Let's make these comments a reply to this post. That way we continue the tradition, but keep the discussion a bit cleaner.

Comment author: moridinamael 14 September 2017 08:41:49PM 19 points [-]

It is done.

Comment author: moridinamael 29 August 2017 03:46:50PM 1 point [-]

For a topic like this, I might not lump in "doctoral or professional degree." I imagine medical doctors, lawyers, people with PhDs in the liberal arts, PhDs in the sciences, and PhDs in engineering disciplines might all have materially different work/stress/productivity profiles.

Similarly you could separate "Engineering/CS" into two choices. Mechanical engineers and software "engineers" don't really do the same kind of work.

I am both a consultant and an employee, so I wouldn't know how to answer "what is your current role" unambiguously.

I would add some questions about commute time. Definitely an important factor when assessing stress and work satisfaction.

Comment author: moridinamael 23 August 2017 03:03:37PM 0 points [-]

Thanks. This is really awesome.

Comment author: ChristianKl 21 August 2017 01:09:20PM 4 points [-]

The fact that you engage with the article and share it, might suggest to the author that he did everything right. The idea that your email will discourage the author from writing similar articles might be mistaken.
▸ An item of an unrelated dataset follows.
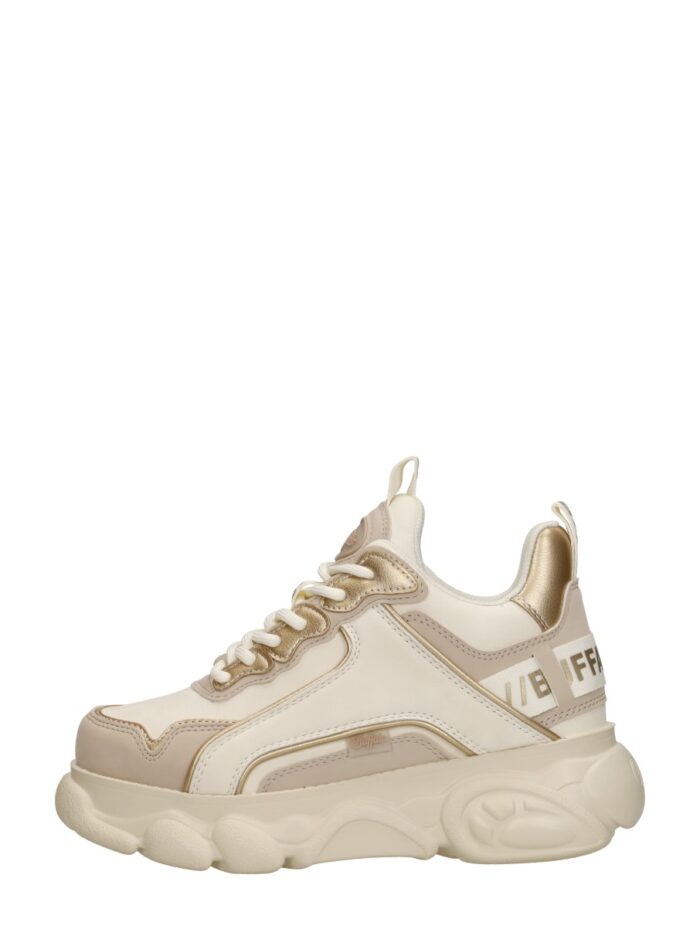 Buffalo Cld Chai – Beige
Secondly, calling autonomous weapons killer robots isn't far of the mark. The policy question of whether or not to allow autonomous weapons is distinct from AGI.

Comment author: moridinamael 21 August 2017 04:52:46PM *  0 points [-]

The type of engagement that the writer of the article wants is the kind the leads to sharing. If Tenoke is specifically stating their intent not to share the content, it's not a viral kind of engagement. There is a big difference between seeing a quote-with-retweet captioned "This is terrible!" and receiving a private email telling them to stop.

Comment author: disconnect 15 August 2017 01:36:15PM 0 points [-]

People who become passionate about meditation tend to say that the hardest part is encountering "dark things in your mind".

What do meditators mean by this?

Comment author: moridinamael 16 August 2017 01:40:03AM 2 points [-]

Possibly they mean more than one thing, but the primary concept that jumps to mind is known as the "dark night". The aim of many meditation practices is to become aware of the contents of consciousness to the extent that those contents lose any emotional valence and become meaningless objects. In the long term this makes the meditator extremely equanimous and calm and detached, in a good way. In the medium term, before the changes have properly sunk in, it can result in a semi-detachment from reality where everything seems meaningless but in a very bad way.

I think I may have touched the edges of such phenomena. It is indeed unpleasant, and probably contributed to my cutting down my meditation by a lot.

Comment author: ArisKatsaris 01 August 2017 08:16:40AM 0 points [-]

Podcasts Thread

Comment author: moridinamael 04 August 2017 06:52:02PM 0 points [-]

I visited with the good folks on the Bayesian Conspiracy podcast. We discussed the ideas from Seeing Like a State by James C. Scott.